Using new technology often means that something does not work as expected or that there are undocumented features. Maybe your cloud database gives a performance boost if the datafiles are at least 5 GB (or some other arbitrary figure) in size. The point is, you need someone with connections to the product team.

One way to check this is to ask if your tech partner attends the correct conferences? Local, regional, or the gold standard: global? If yes, that is a good sign. If not, you might want to keep looking. Platfrom provider MVP or similar status is also a positive sign. The goal is to find partners with strong relationships with the platform provider to make sure you get support when needed.

4. Data Keeps Changing

There are certain aspects in data handling that you need to fix before implementation. For example, data access patterns influence technology choices and implementation, and data modeling needs to be designed based on user requirements. Schema of the data determines the table layout, and the distribution of data affects Spark’s job efficiency.

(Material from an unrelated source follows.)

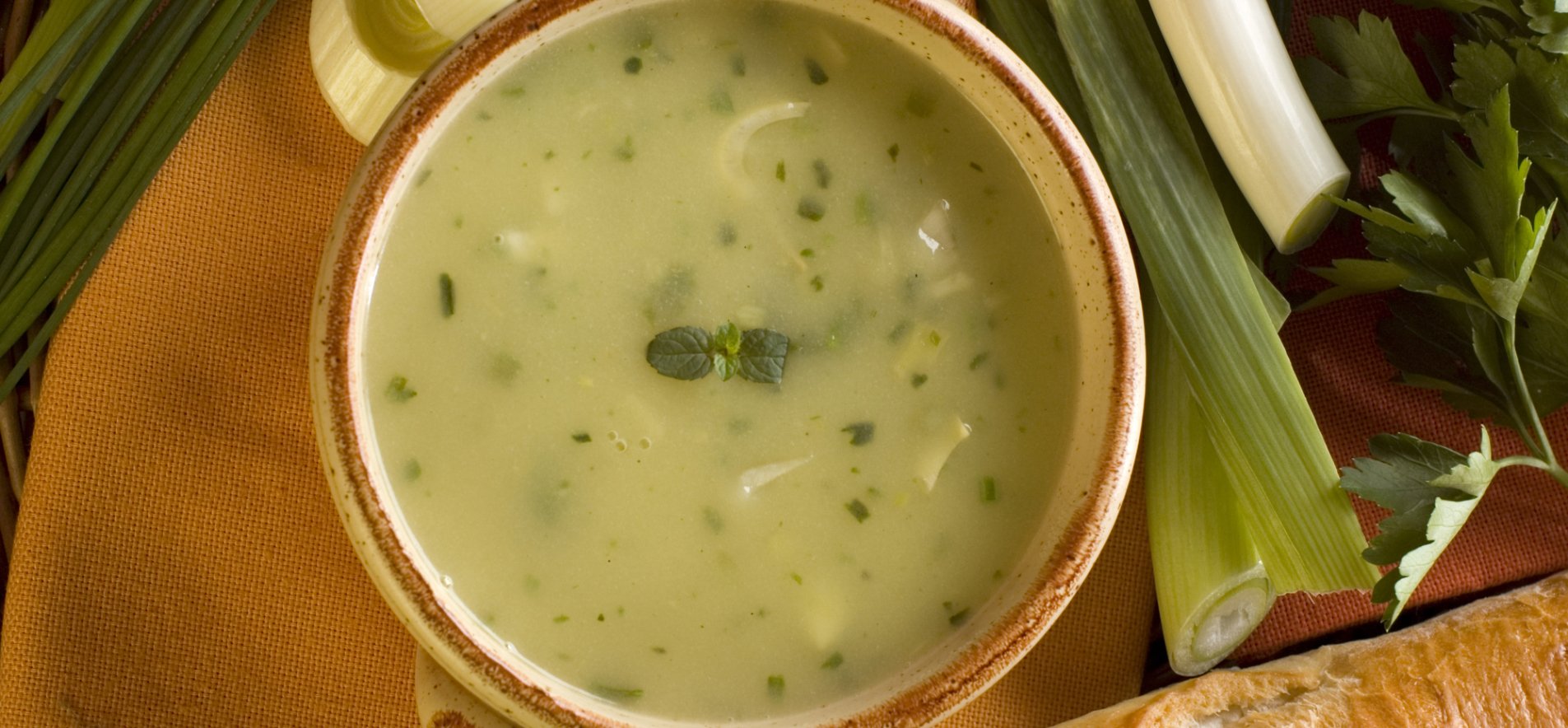 Весняний цибулевий суп з черемшею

The challenge is that, in the real world, data is constantly changing.

For example, the original requirement might have been to import data in a daily batch, so you design a write-once, read-many optimized solution. The data became popular, and now you need to bring it in every 10 minutes, creating a challenging write-many, read-many situation.

Perhaps, you modeled your data using the (way too popular) data vault 2.0 method. The original data didn’t have any PII but then someone started to use the description field in the source system to record customer’s email address. Now you need to design a delete or scrub process for you data vault by hand, as your data vault automation tool doesn’t support it.

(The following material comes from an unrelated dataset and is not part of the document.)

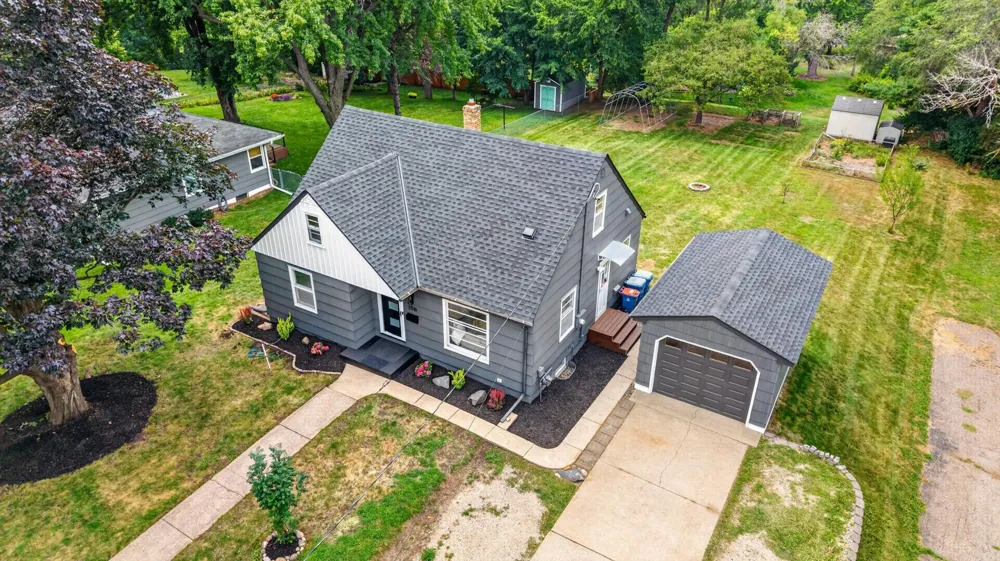 2516 Westview Terrace Minnetonka, MN 55305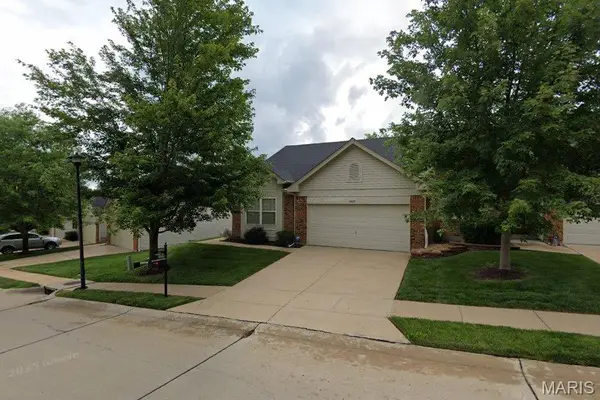 7250 Tournament Dr Drive, Oakville, MO 63129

One thing that constantly surprises new Spark developers is how you need to know the data distribution when using Spark. Say you partition your customer activity data by customer. The worst case scenario is that 20% of your executors are doing 80% of the work, as typically the customer activities are not evenly distributed. The thing is that data distribution can and will change, so even if you balance the distribution correctly when implementing a job, you need to monitor the workloads to identify when the change happens. Failure to do this might lead that to your Spark jobs starting to fail at out-of-memory errors.

5. Monitor or You Don’t Know

Is your platform being used? Are your tables, reports, and ML-models actually utilized? Processing data is expensive. Is the end product used? How do you know? The only answer is that if you don’t monitor, you don’t know.

We all know the examples of how people say one thing but actually do something else. Based on polls, charities should be drowning in money, and stores shouldn’t be able to stock organic food shelves fast enough.

The same applies in corporate IT. A report and its underlying data might be added to the platform ‘just in case,’ with claims that it’s the department’s most important report. In some cases, access to data or personal clusters can even become status symbols. Only monitoring will reveal the truth.

Another category of monitoring is the cloud resource usage. The developers are usually pressed mostly on delivering the feature to the business, not so on much how much resources the feature is using. Monitoring might reveal issues, such as a query running over the entire data lake when it was thought to access only the latest partition. Or a pipeline running every 5 minutes, not once a day as thought. Or a Spark cluster reading the same data eight times because executors are constantly being evicted.

Monitoring costs is another critical aspect. Monitoring resource usage covers a lot of this but not all of it. We have all heard the stories of a monster-sized VM accidentally being left on, causing an enormous cloud bill.

For monitoring, the best approach is to create a process, provide tools, and distribute responsibility.

Summary

Building a new data and analytics platform using developing technology can be an exciting journey. By focusing on governance, embracing your platform, choosing the right technology, adapting to changing data, monitoring effectively, you can create a platform that actually works in the real world and provides an immense amount of value.

ps. Automate the deployments, and manage the platform using IaC. They will save a ton of work in the long run.